Were that the case, we'd do as Debian do and distribute a licence with
every single package.

Every other package maintainer manages to get it right. That it's a bit
more work to do things properly is no excuse.

--
Ciaran McCreesh : Gentoo Developer (King of all Londinium)
Mail : ciaranm at gentoo.org
Web : http://dev.gentoo.org/~ciaranm
Re: Duplicate licences [ In reply to ]
On Saturday 21 January 2006 09:08, Ciaran McCreesh wrote:
> Were that the case, we'd do as Debian do and distribute a licence with
> every single package.

I bet there're more than a few ebuilds where this isn't the case. You can't
even blame anyone, since there's no proper licence section in the ebuild
howto or anywhere else in our documentation.

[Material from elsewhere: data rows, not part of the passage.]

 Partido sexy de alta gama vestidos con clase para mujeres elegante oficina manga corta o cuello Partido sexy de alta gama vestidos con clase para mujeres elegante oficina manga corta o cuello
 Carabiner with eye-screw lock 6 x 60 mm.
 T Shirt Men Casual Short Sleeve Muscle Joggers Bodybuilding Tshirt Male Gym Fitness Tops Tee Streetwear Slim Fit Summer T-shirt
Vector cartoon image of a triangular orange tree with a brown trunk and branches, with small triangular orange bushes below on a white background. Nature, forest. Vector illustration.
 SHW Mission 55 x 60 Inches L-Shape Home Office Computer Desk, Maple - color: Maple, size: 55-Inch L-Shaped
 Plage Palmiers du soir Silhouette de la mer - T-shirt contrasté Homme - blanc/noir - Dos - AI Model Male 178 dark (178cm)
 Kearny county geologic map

And it is even worse: E.g. the
original ZLIB license file we've stored in the license directory names the
copyright holders of zlib, so basically we attribute every software with
LICENSE="ZLIB" in its ebuild to the authors of zlib.


Carsten
Re: Duplicate licences [ In reply to ]
Ciaran McCreesh wrote:
> So you propose we go through and change every package in the tree that
> uses BSD or MIT (or GPL with the copyright disclaimer)?
>
>
I propose that we decide on the correct way of doing things first, then
decide a plan of action from that. And that includes an opinion from
someone who knows what they're talking about, whether it be legal advice
or a clarification to the point of the licenses directory.

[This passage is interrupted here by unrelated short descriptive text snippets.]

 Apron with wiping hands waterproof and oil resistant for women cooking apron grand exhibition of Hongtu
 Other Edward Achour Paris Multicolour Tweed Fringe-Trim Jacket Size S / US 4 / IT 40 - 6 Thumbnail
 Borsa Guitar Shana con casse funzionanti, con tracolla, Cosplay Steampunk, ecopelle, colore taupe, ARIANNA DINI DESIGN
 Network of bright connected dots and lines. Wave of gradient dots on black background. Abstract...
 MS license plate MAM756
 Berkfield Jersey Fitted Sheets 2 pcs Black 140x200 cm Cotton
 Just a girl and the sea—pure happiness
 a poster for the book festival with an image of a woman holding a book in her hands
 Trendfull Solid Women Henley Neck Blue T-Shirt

As Carsten pointed out one e-mail down in the thread, there's no real
documentation about what licenses should be, so currently it's a "he
said-she said" issue.
> Every other package maintainer manages to get it right. That it's a bit
> more work to do things properly is no excuse.
>
>
You seem to contradict your above statement here. In any case, it's
less work to just make almost everything MIT.

Joshua Baergen
--
gentoo-dev@gentoo.org mailing list
Re: Duplicate licences [ In reply to ]
On Sat, 21 Jan 2006 09:53:53 -0700 Joshua Baergen
<joshuabaergen@gentoo.org> wrote:
| Ciaran McCreesh wrote:
| > So you propose we go through and change every package in the tree
| > that uses BSD or MIT (or GPL with the copyright disclaimer)?
|
| I propose that we decide on the correct way of doing things first,
| then decide a plan of action from that. And that includes an opinion
| from someone who knows what they're talking about, whether it be
| legal advice or a clarification to the point of the licenses
| directory.

The correct way of doing things is to follow existing practice, even if
it hasn't been formally documented. We've had licences with
placeholders in the tree for over three years now.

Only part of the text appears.